FIGURE 7. Molecular mechanism for CSB stimulation of NEIL2 on 5OHU B11 substrate by trapping transient Schiff-base intermediate during incision

A, Representative autoradiogram of NEIL2 forming Schiff base with the substrate. Lane 1; no protein. Lane 2; 0.25 nM CSB. Lane 3–7; 0.05nM NEIL2 with increasing amounts of CSB (0.0, 0.025, 0.05, 0.1, 0.25nM,respectively). Lane 8; 0.05nM NEIL2 and 0.25nM CSB, no NaBH₄. Lane 9; control B11 substrate with 0.05nM NEIL2. Lane 10; control B11 with 0.05nM NEIL2 and 0.25nM CSB. B, Quantification of three independent experiments with 5OHU B11, 0.05nM NEIL2 and 0.0, 0.025, 0.05, 0.1, 0.25nM CSB, respectively, together with NaBH₄. Error bars indicate standard deviations.

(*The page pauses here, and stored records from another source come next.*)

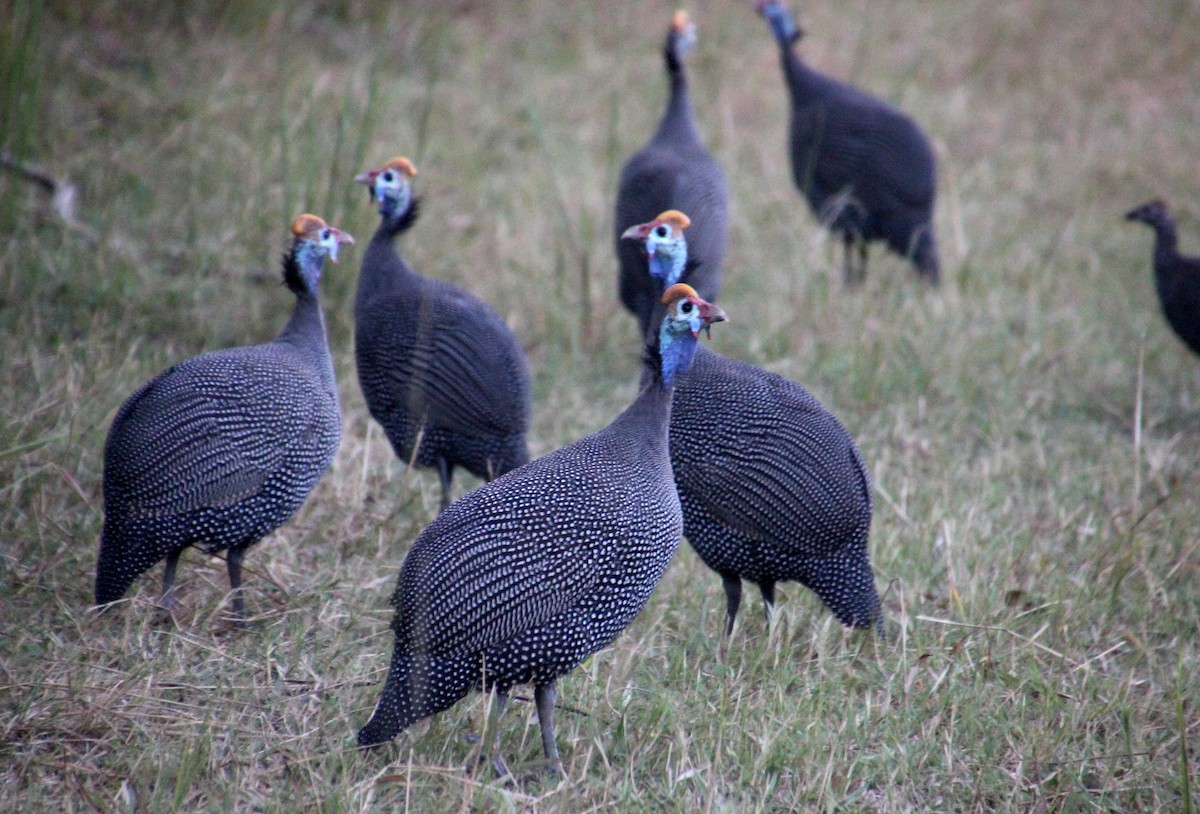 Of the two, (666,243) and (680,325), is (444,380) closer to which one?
(666,243)

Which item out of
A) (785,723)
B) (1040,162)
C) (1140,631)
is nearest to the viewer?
(785,723)

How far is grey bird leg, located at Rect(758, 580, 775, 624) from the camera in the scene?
3.80m

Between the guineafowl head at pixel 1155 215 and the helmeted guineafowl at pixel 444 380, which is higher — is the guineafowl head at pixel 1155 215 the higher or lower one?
the higher one

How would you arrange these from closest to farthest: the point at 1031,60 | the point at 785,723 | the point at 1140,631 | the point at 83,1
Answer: the point at 785,723, the point at 1140,631, the point at 83,1, the point at 1031,60

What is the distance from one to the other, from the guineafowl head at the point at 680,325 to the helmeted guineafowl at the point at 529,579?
0.21ft

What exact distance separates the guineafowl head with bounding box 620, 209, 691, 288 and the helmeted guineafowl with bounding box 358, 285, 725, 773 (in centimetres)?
97

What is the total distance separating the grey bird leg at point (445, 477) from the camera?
4367 mm

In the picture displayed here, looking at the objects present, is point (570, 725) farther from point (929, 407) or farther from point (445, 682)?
point (929, 407)

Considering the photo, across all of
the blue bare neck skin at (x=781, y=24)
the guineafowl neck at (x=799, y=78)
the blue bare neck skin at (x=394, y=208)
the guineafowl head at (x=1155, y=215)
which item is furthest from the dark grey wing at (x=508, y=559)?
the blue bare neck skin at (x=781, y=24)

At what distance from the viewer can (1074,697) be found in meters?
3.52

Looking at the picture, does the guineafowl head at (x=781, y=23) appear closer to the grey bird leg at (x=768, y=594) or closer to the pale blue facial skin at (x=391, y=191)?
the pale blue facial skin at (x=391, y=191)

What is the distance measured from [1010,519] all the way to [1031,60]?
592 cm

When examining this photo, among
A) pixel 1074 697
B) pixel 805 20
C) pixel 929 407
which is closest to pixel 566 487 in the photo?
pixel 1074 697

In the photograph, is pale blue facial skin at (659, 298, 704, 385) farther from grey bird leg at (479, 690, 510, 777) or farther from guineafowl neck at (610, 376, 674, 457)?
grey bird leg at (479, 690, 510, 777)
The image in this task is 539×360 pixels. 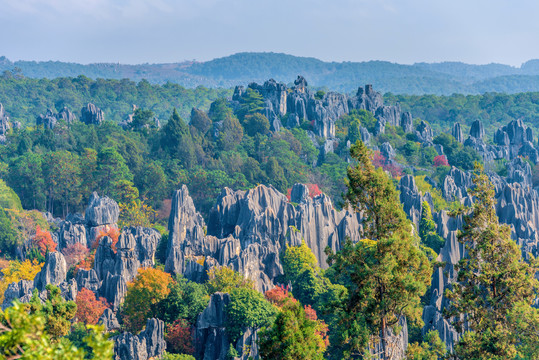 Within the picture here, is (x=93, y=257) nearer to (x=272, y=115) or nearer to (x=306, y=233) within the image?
(x=306, y=233)

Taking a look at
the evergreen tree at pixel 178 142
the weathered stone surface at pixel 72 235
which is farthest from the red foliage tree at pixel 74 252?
the evergreen tree at pixel 178 142

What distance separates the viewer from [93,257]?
39406 mm

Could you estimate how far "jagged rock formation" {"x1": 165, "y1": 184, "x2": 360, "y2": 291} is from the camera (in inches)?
1389

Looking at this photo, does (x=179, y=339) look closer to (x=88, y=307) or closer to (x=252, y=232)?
(x=88, y=307)

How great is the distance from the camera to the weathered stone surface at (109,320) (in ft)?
98.5

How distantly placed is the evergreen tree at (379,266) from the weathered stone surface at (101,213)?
102 ft

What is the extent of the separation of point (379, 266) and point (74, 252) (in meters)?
30.2

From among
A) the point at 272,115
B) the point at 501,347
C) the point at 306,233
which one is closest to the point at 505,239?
the point at 501,347

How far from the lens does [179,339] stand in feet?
90.3

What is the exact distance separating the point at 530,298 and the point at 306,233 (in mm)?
22723

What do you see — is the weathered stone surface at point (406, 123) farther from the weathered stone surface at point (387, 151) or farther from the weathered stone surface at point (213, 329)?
the weathered stone surface at point (213, 329)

FIGURE 8. Detection of NEIL2 and CSB by in situ PLA

A, In situ PLA (Duolink) demonstration of the NEIL2 and CSB association in mock (upper row) and α-amanitin (lower row) treated HeLa cells. Left side, PLA specific signals detected by FITC. Right side, merge of FITC, DAPI and DIC signals. B, Merge of FITC, DAPI and DIC from PLA with CSB Ab (rabbit) and NEIL2 ab (mouse) vs. IgG, respectively which served as controls for unspecific PLA signals.

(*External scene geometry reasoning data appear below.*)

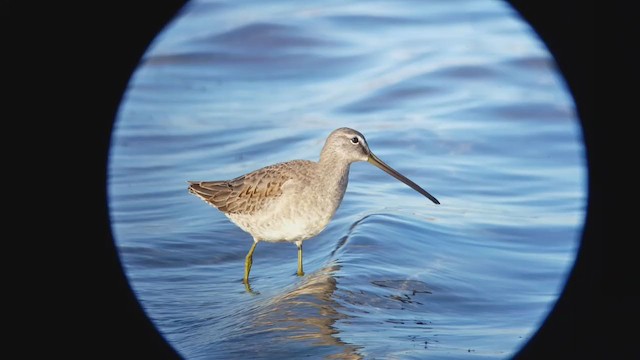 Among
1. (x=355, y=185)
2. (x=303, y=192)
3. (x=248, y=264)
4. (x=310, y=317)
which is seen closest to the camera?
(x=310, y=317)

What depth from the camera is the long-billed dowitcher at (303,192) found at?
5.97 metres

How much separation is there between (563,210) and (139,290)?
3768mm

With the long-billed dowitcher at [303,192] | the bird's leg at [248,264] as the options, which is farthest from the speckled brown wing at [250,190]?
the bird's leg at [248,264]

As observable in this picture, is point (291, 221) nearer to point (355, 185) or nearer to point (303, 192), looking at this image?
point (303, 192)

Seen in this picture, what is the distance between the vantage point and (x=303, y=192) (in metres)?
5.99

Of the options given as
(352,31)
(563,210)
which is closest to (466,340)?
(563,210)

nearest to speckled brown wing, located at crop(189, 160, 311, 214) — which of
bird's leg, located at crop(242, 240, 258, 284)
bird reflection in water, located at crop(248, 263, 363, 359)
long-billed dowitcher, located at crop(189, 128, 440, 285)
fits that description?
long-billed dowitcher, located at crop(189, 128, 440, 285)

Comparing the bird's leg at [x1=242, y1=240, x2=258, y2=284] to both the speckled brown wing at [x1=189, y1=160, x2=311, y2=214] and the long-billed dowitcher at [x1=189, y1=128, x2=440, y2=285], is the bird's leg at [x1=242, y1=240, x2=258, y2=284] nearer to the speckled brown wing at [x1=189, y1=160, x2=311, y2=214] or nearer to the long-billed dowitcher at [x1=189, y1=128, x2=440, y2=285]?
the long-billed dowitcher at [x1=189, y1=128, x2=440, y2=285]

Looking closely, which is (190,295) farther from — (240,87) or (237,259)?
(240,87)

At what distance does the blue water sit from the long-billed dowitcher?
0.38 metres

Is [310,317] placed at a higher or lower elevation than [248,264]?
higher

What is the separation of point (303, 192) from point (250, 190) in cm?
50

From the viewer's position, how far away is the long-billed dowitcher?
5.97 m

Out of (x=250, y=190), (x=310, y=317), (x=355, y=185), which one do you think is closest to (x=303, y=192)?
(x=250, y=190) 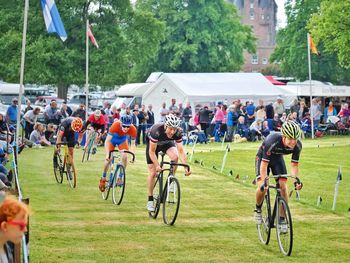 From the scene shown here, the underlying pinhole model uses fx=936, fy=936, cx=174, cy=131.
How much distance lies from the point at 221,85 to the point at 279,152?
36.5 m

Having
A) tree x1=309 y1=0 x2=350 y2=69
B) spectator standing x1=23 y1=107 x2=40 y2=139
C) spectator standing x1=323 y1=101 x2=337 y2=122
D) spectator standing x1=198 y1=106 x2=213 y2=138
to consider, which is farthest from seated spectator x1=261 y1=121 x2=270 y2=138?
tree x1=309 y1=0 x2=350 y2=69

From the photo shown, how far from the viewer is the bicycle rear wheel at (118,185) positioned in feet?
60.5

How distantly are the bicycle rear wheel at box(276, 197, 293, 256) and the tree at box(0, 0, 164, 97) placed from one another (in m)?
50.4

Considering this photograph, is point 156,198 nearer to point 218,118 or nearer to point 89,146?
point 89,146

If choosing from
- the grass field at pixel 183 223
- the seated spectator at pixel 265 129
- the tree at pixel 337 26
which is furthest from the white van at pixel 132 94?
the grass field at pixel 183 223

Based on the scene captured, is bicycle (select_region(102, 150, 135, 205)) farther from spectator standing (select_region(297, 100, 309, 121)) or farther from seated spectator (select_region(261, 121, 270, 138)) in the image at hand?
spectator standing (select_region(297, 100, 309, 121))

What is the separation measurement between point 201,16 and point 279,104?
139 feet

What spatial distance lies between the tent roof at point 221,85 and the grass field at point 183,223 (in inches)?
874

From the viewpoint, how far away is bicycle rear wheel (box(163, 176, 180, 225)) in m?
15.7

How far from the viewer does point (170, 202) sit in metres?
15.9

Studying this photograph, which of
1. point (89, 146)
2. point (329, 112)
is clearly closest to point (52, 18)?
point (89, 146)

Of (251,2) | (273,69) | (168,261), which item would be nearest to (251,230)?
(168,261)

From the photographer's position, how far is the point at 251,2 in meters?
153

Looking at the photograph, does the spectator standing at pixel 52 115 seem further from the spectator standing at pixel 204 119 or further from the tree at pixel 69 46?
the tree at pixel 69 46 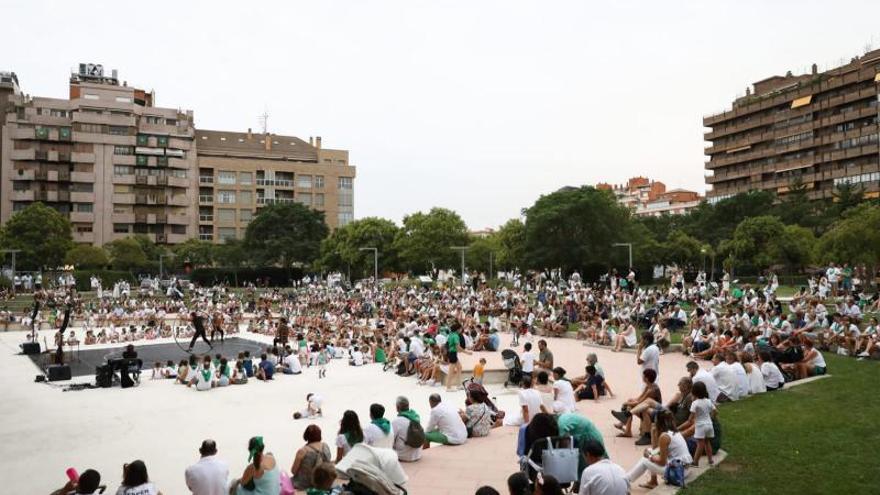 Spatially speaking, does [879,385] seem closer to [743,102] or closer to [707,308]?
[707,308]

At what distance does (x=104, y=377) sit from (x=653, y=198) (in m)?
144

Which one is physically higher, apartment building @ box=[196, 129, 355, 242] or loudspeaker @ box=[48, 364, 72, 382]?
apartment building @ box=[196, 129, 355, 242]

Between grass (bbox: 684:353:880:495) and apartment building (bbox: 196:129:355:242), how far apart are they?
91584 mm

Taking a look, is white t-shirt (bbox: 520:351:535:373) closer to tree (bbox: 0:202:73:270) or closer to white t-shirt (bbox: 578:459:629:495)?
white t-shirt (bbox: 578:459:629:495)

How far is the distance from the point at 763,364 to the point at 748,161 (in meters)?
91.2

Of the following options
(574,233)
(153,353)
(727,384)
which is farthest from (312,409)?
(574,233)

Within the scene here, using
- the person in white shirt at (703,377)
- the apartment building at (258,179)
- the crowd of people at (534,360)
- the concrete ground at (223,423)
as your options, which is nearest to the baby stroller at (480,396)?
the crowd of people at (534,360)

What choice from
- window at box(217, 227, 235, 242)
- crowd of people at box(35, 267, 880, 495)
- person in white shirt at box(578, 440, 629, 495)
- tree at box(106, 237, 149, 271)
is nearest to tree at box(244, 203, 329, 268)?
tree at box(106, 237, 149, 271)

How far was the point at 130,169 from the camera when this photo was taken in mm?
91688

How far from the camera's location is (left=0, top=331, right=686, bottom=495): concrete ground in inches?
391

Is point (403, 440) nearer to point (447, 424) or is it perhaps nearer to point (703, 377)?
point (447, 424)

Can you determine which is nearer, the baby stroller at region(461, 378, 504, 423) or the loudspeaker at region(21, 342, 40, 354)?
the baby stroller at region(461, 378, 504, 423)

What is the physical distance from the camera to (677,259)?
70.3 metres

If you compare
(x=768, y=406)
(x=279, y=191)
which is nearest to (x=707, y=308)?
(x=768, y=406) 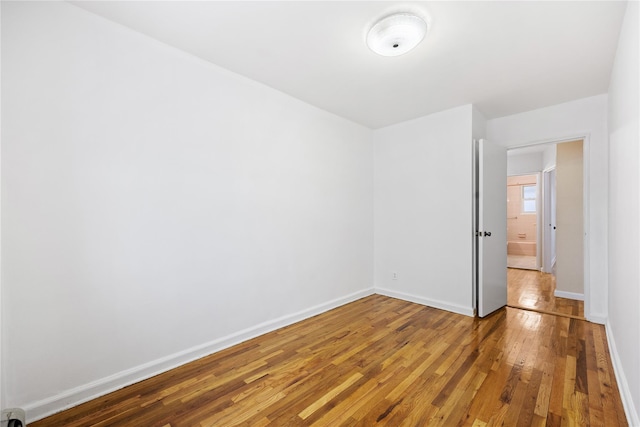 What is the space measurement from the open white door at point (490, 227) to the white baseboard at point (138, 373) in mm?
2319

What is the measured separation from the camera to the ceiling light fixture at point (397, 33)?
1.87 m

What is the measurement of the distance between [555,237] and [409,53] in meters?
4.66

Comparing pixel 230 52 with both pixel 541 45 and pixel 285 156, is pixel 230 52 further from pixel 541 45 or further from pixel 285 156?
pixel 541 45

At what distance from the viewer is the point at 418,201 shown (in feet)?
12.8

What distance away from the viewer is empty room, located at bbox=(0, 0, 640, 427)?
171 cm

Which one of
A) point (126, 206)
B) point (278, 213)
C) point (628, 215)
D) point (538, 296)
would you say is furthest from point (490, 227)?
point (126, 206)

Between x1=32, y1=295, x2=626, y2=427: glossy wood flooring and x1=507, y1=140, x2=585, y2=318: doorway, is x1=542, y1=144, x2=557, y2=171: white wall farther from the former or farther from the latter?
x1=32, y1=295, x2=626, y2=427: glossy wood flooring

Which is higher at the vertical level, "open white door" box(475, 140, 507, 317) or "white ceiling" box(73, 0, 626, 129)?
"white ceiling" box(73, 0, 626, 129)

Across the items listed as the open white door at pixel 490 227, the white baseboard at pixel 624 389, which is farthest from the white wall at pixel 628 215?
the open white door at pixel 490 227

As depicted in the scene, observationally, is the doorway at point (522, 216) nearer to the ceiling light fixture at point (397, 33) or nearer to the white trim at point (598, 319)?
the white trim at point (598, 319)

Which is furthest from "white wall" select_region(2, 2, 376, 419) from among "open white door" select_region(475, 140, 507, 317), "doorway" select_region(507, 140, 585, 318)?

FIGURE 9. 8oxoG B11 incision capacity in WCE from mock and H₂O₂ treated cells

A; 8oxoG substrate in an 11nt bubble (8oxoG B11) and control substrate, respectively, used for incision experiments. B, Representative gel for 8oxoG B11 and control B11 incision reactions with WCE from mock treated NEIL1/CSB KD and NEIL1/control KD cells. Lane 1; single stranded oligonucleotide marker. Lane 2–6; 8oxoG B11 incision with WCE from NEIL1/CSB KD cells. Lane 7–11: 8oxoG B11 incision with WCE from NEIL1/control KD cells. Reactions were stopped after 0, 30, 60, 120 and 180min, respectively. Lane 12–14; control B11 substrate with WCE from NEIL1/CSB KD cells stopped at 180, 120 and 0min, respectively D, Representative gel for 8oxoG B11 incision reaction with WCE from 50µM H₂O₂ treated NEIL1/CSB KD and NEIL1/control KD cells. Lane 1; single stranded oligonucleotide marker. Lane 2–7; 8oxoG B11 incision with WCE from NEIL1/CSB KD cells. Lane 8–13: 8oxoG B11 incision with WCE from NEIL1/control KD cells. Reactions were stopped at 0, 10, 30, 60, 120 and 180min respectively. C and E: Quantification of three independent experiments as shown in B and D respectively. Error bars indicate standard deviation. * indicates P<0.05 in Student t-test for difference between control siRNA and CSB siRNA KD WCE.